晴時多雲

自由廣場》博愛座的道德壓力

◎ 莊貿捷

博愛座的爭議時有所聞,存廢的話題在網路上引起討論。部分人士提及廢除博愛座的理由如下︰近年來,台灣「文化水準」已提高,在公共運輸上讓座已成為一個常見的行為,於是倡議「廢除各項公共運輸工具上博愛座之設置」,遏止因博愛座而產生的紛爭,也杜絕車廂內擁擠,但獨「博愛座」空著的亂象,連帶減輕「博愛座」對民眾造成的強大「道德壓力」。

博愛座是依照「身心障礙者權益保障法」所設置,法條規定博愛座須在大眾運輸中占總座位一定比率,若因部分「道德魔人」而修法,勢必曠日廢時,得耗費的人、物力甚鉅。另一角度,廢除博愛座真能解決「道德魔人」問題嗎?再者,如今因部分民眾在「台北」發生爭議,就放大「博愛座」設置之缺點,企圖修改法令,牽一髮而動全身,是否也有將「偏鄉」的需求列入考量呢?還是淪為一種首都看台灣的眼光?

其實,「廢除博愛座」無法使「道德魔人」匿跡,不但不能解決爭議,反而使「道德魔人」將戰場擴至更大更廣的範圍,進而衍生更多爭議。應該改的不是位子是否留存博愛之名,而是「禮讓」與「需求」的觀念。每次在博愛座爭議上,總能發現彼此間思維的差異,主要在於道德魔人「教條式」地強制「他律」,生硬地把書本、理論當守則,思想僵化,一切都從定義、公式出發,進而對實際情況造成誤判,並反對事物分析,挾著「道德」之名上對下的傳達,帶著一種命令語氣,使他人屈服。

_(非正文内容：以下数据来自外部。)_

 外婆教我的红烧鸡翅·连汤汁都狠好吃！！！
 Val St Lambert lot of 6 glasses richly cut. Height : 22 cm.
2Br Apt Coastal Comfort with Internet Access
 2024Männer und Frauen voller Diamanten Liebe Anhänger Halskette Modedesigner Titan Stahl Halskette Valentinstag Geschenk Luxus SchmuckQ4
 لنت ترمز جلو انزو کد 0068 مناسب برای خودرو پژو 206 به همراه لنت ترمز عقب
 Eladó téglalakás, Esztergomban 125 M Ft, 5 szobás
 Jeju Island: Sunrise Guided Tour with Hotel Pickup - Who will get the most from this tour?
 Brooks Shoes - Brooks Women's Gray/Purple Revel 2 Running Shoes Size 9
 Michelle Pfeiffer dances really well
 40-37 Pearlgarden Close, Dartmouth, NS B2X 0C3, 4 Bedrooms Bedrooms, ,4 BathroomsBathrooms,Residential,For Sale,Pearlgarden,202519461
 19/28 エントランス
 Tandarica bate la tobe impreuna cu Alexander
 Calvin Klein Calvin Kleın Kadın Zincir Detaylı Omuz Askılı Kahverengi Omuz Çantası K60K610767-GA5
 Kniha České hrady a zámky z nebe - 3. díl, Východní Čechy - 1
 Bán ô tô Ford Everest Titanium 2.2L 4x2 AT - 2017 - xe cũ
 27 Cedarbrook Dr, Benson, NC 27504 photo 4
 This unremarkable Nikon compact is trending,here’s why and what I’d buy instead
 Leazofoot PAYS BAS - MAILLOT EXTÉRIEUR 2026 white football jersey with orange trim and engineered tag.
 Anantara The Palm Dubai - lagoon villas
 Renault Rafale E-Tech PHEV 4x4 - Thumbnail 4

道德是自律,有別於法律,根據壓制行為而有所不同。無論是道德還是法律的源起,起因皆是人性使然,而道德約束個人行為,目的是維護相對正義,著眼點在個體秩序,不應過度膨脹自己對於「他者」的道德感,而忘了自身道德的約束,如斥責他人不讓座,自己卻在公共場所大聲嚷嚷,行為同樣不道德。另一方面,若我們無法在「教育」裡除去「教條主義」的思維,對著課本中理論、守則進行「批判」,並且思考與反省的話,在這樣的教育體制裡,只是不斷地造就一個又一個思想僵化、拒絕溝通,一切由「教條」、「公式」為主導,拒絕接納他人聲音的「道德魔人」。